Both of my teenage daughters received their driving licenses during the pandemic. If you are, or have ever been, the parent of a teen driver, then you understand how exciting, liberating, and completely terrifying this moment in time can be.
Now, I had to practically force my oldest daughter to sign up for driver's ed and take her driver’s test. She was eighteen when she finally got that license. It just wasn’t high on her list of priorities; she’d rather draw her comics than drive around shopping. But my youngest daughter was begging me to sign her up the minute she turned fifteen. She was in drivers ed right when the pandemic began in early March of 2020, and it took twice as long to complete due to the new precautions. She finished her remote drivers ed course and all her driving hours five months later, in September of 2020. She was thrilled to finally schedule that drivers test. Then she dropped a ten pound dumbbell on her right foot. She was in a cast for six weeks, and a boot for six more weeks with doctor’s orders—no driving.
Instead of feeling the freedom of being sixteen and getting that coveted drivers license, she was stuck at home on the couch with a cast on her foot, while doing remote learning during a pandemic. It was a very, very sad and dark time for my girl! The entire experience crushed her self-confidence. By the time her foot had healed and she had her doctor’s ok to start driving again, it was winter. She was worried about driving in the snow and having to take her test during a snowstorm, especially having spent so many hours on the couch instead of driving.
We scheduled her first test and she was all aflutter with worry. It was a crystal clear winter day, and she was doing great with parallel parking and that elusive thing called a “Vermont turn around,” but then she did not yield at one intersection—instant test failure. Failing the test was another blow to her already shaky confidence.
We scheduled the next test and as we approached the date, I kept an eye on the weather. Of course, there was a big snowstorm in the forecast. To reschedule would mean several more weeks of waiting. She was so upset about how everything was turning out, and so filled with worry that she might fail yet again. But I made a bold move and decided to keep the appointment. I told her that if she failed again, she could just blame it on the snow and we would reschedule. But if she passed, I told her it would be a huge boost to her ego and to her self-confidence.
According to the Oxford English Dictionary, to be confident is the feeling or belief that one can rely upon one someone or something—or to have profound trust in someone or something. To have self-confidence is to cultivate a feeling of certainty and self-assurance in your choices. People who have a high degree of self-confidence believe that they will achieve what they set out to do. They feel a sense of control over their lives.
There is a direct link between self-confidence and mental health. A strong sense of self-confidence can reduce feelings of anxiety and stress and improve self-efficacy and interpersonal relationships.
So how does one go about establishing such trust, assurance, and confidence?
Practice.
I don’t believe that some of us are simply born talented. Yes, you might have an inclination towards something like a musical pursuit. But you don’t just get better simply by being talented alone. You have to log in your practice hours and hit a lot of wrong notes. Trust me, I know all about the wrong notes.
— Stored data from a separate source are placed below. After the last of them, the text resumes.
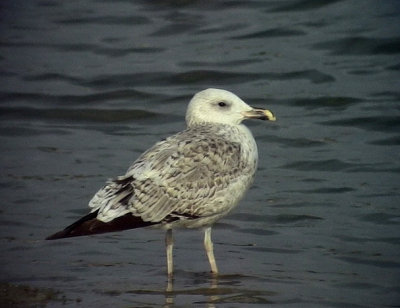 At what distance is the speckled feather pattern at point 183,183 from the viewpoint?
643 cm

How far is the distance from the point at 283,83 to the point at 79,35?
11.4 ft

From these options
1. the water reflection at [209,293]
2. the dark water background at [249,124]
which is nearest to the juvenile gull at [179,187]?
the water reflection at [209,293]

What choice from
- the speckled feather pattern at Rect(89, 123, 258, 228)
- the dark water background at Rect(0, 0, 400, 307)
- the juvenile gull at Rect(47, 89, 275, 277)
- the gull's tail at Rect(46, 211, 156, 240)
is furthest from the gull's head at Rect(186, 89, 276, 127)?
the gull's tail at Rect(46, 211, 156, 240)

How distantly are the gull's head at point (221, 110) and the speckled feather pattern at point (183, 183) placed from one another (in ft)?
1.11

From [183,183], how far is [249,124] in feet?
15.2

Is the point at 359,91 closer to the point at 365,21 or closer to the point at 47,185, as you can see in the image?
the point at 365,21

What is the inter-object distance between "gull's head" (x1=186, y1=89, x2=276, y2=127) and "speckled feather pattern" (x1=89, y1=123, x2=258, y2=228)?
34cm

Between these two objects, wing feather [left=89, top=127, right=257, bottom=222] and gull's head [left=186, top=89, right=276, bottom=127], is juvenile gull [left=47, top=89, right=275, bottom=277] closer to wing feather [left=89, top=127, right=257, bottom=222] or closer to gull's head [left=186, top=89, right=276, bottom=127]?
wing feather [left=89, top=127, right=257, bottom=222]

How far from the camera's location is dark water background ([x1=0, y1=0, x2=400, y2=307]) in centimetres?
670

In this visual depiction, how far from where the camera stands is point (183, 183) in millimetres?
6570

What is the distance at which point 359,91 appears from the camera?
1180 cm

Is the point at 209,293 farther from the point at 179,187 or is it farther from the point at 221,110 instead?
the point at 221,110

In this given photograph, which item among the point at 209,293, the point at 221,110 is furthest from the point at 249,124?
the point at 209,293

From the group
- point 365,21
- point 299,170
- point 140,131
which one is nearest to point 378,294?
point 299,170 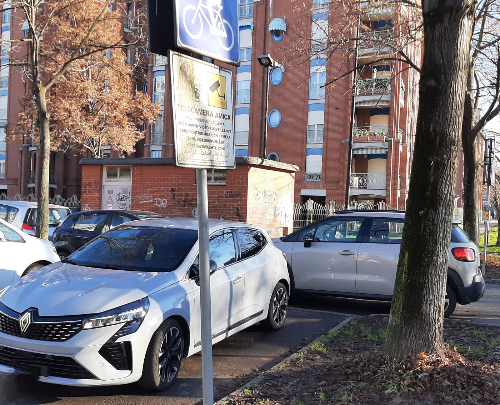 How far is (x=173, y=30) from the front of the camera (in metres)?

I live with an amazing guitarist who plays guitar beautifully because he has hit a lot of wrong notes. He doesn’t take the wrong notes personally, he just keeps moving on.
When my daughter just kept hitting more and more wrong notes around getting her license, we just kept charging ahead. She let the tears fall, and she got up one more time.
You can practice being anything in life. Writer Annie Dillard said, “Where you place your attention is how you attend to your life.” You can practice anything you wish to improve, and that includes something like building your confidence. Practice is about coming back to the process, even when you feel beat down. You try again with a little more wisdom and experience.
This is the key to building your own confidence: expect mistakes and disappointments but return to the process again and again and again. It can be really easy to give up on something when it doesn’t work out the first time, or the second, or even more. You absolutely have to trust in the process and rest in trust and self-assurance. Sometimes all you can do is try again with blind faith.
So, my girl went out into that snowstorm and passed her test with no point deductions. The driver's ed teacher told her it was one of the best driving tests he had led in recent months. Her confidence soared, and now she often retorts to my worry over her driving in bad weather “Mom, I passed my test in a snowstorm, I know how to do this.” So now I have to trust in this next evolution of parenting, and let her step into adulthood with soaring confidence.